Material for this task:
__________________________________________________

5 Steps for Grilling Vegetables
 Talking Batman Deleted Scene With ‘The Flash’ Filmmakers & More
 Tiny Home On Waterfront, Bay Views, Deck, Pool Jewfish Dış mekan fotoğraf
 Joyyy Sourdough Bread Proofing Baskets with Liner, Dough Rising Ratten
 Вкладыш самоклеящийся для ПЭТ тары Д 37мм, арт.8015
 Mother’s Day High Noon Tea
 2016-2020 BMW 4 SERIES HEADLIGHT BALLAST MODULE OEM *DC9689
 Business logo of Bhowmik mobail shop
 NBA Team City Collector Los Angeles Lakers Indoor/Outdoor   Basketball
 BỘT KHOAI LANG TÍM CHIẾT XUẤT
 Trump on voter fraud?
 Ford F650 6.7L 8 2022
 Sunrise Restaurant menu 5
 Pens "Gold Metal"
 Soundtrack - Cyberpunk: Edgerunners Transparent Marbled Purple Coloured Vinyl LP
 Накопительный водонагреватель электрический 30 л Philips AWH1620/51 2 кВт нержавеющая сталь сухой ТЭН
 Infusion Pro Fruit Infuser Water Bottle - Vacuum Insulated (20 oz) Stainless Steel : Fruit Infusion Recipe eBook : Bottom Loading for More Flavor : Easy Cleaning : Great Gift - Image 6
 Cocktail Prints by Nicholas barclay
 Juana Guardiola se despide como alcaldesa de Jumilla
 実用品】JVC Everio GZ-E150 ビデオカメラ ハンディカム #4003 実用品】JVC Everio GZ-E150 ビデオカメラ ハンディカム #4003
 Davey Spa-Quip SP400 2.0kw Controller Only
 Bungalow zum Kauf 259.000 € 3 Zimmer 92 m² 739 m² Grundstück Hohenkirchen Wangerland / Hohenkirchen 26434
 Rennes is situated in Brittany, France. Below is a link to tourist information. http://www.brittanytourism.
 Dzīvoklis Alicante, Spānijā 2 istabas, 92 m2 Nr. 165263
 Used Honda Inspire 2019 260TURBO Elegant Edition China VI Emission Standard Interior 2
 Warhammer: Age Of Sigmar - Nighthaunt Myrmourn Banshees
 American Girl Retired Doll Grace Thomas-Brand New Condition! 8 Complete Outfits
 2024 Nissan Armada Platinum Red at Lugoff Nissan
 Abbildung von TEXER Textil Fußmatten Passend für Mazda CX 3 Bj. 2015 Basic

__________________________________________________

Your task: From the entries above, extract only the lines running from the one containing "Ford F650 6.7L 8 2022" through the one containing "Bungalow zum Kauf", inclusive.

Task output:
 Ford F650 6.7L 8 2022
 Sunrise Restaurant menu 5
 Pens "Gold Metal"
 Soundtrack - Cyberpunk: Edgerunners Transparent Marbled Purple Coloured Vinyl LP
 Накопительный водонагреватель электрический 30 л Philips AWH1620/51 2 кВт нержавеющая сталь сухой ТЭН
 Infusion Pro Fruit Infuser Water Bottle - Vacuum Insulated (20 oz) Stainless Steel : Fruit Infusion Recipe eBook : Bottom Loading for More Flavor : Easy Cleaning : Great Gift - Image 6
 Cocktail Prints by Nicholas barclay
 Juana Guardiola se despide como alcaldesa de Jumilla
 実用品】JVC Everio GZ-E150 ビデオカメラ ハンディカム #4003 実用品】JVC Everio GZ-E150 ビデオカメラ ハンディカム #4003
 Davey Spa-Quip SP400 2.0kw Controller Only
 Bungalow zum Kauf 259.000 € 3 Zimmer 92 m² 739 m² Grundstück Hohenkirchen Wangerland / Hohenkirchen 26434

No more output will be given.